The state says there is a partnership between public and private entities but at least a few of the private trash haulers don't exactly see it that way. They see it as the public side is pushing the private side out of business by causing the private haulers to raise rates. I can tell you that we pay almost twice as much out here in the county as what the people in the city pay using the county trash haulers. I'm pretty sure subsidies are involved. When the private trash haulers go to the landfill, they pay a fee to dump the trash. The county gets this fee. That's a subsidy, right?

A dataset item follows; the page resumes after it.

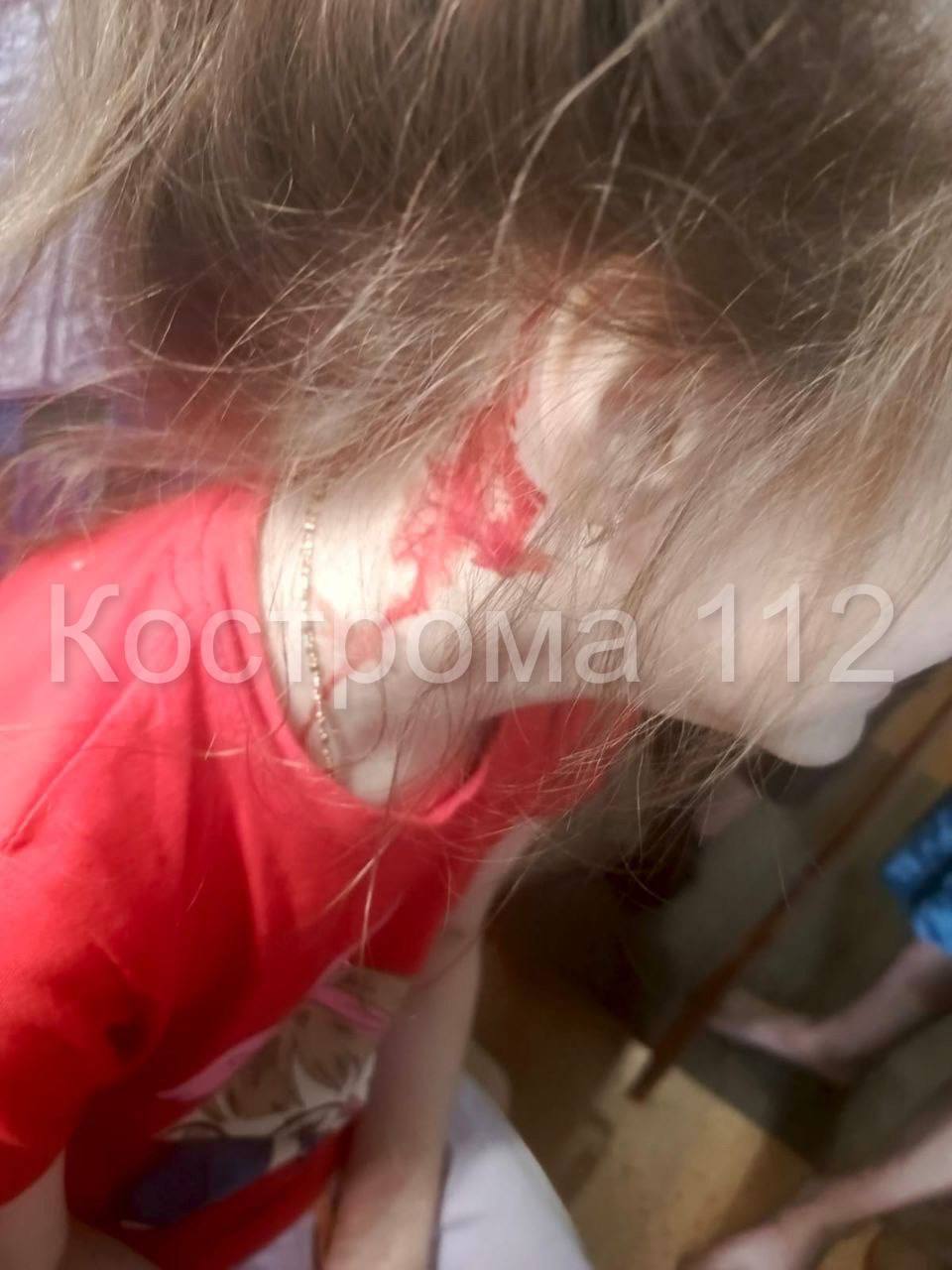 В Костроме разыскивают самокатчика, который сбил ребенка и уехал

But there's still the compliance problem. I'm not sure how the $3 tax will fix that unless it will be used to pay the EPA to look the other way. According to one of the private haulers, one way for the district to come into compliance is to add a handful of drop locations for recyclables in each county. Evidently there isn't enough participation and that's suppose to encourage it. In the same article from The Athens News:
He (the private hauler) said that officials often say that they are in the trash business because recycling doesn't pay for itself and they need the funds to pay for recycling.
Which is backed up on collegegreenmag.com:
“There’s not big money in recycling… so the government does it,” said Roger Bail, operations coordinator for the Athens-Hocking Waste District. “There’s money in trash.”So they're trying to get more people to recycle more. We used to recycle stuff all the time. Pop and milk came in glass bottles. We took empty bottles to the store and got a deposit back. Now they come in throw away plastic. I like glass. And we drank water that came from the tap. You would fill a glass with water and wash the glass afterward to reuse it. Now we insist on carrying around plastic water bottles that end up in the landfill. But I'm sure the government had a hand in the glass bottles going away - probably some concern about hygiene. So the answer to that is now creating problems. Maybe if the government would stop trying to regulate everything, thus tying our hands, we wouldn't have either problem. We wouldn't be producing as much trash and would be recycling. Our trash haulers could make a living without raising rates to the point that many lower income families do not purchase the service to have their trash hauled away creating a bigger illegal dumping problem that the county also complains about.
Where and when will the madness stop?